── Data provided

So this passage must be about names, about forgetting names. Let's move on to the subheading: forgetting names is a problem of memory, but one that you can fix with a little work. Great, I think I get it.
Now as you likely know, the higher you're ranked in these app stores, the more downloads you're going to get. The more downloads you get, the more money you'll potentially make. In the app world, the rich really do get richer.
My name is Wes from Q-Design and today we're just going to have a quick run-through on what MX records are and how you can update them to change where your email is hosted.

────
── Data provided

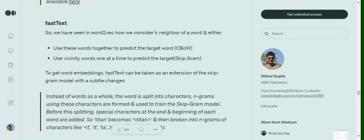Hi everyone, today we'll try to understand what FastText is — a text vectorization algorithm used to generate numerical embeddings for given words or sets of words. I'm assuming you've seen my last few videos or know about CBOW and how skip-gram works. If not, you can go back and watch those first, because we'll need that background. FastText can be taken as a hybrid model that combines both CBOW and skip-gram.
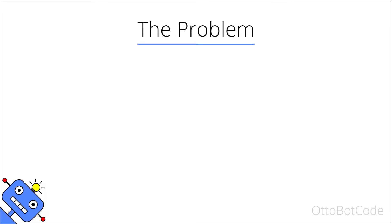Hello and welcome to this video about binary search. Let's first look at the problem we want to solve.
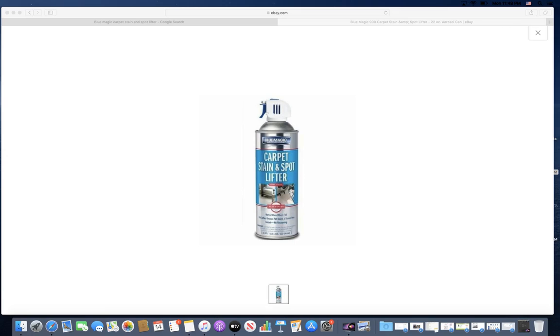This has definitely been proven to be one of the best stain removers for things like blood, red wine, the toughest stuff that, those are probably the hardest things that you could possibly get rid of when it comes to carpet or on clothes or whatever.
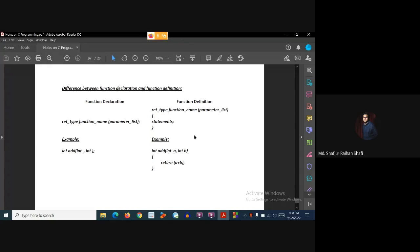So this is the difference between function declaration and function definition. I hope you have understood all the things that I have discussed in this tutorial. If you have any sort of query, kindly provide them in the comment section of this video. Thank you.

────

» Aim of the task
Beginning with the line above that contains "So this passage", copy each line exactly up to and including the line that contains "My name is Wes", and go no further.

» Result of the exercise
So this passage must be about names, about forgetting names. Let's move on to the subheading: forgetting names is a problem of memory, but one that you can fix with a little work. Great, I think I get it.
Now as you likely know, the higher you're ranked in these app stores, the more downloads you're going to get. The more downloads you get, the more money you'll potentially make. In the app world, the rich really do get richer.
My name is Wes from Q-Design and today we're just going to have a quick run-through on what MX records are and how you can update them to change where your email is hosted.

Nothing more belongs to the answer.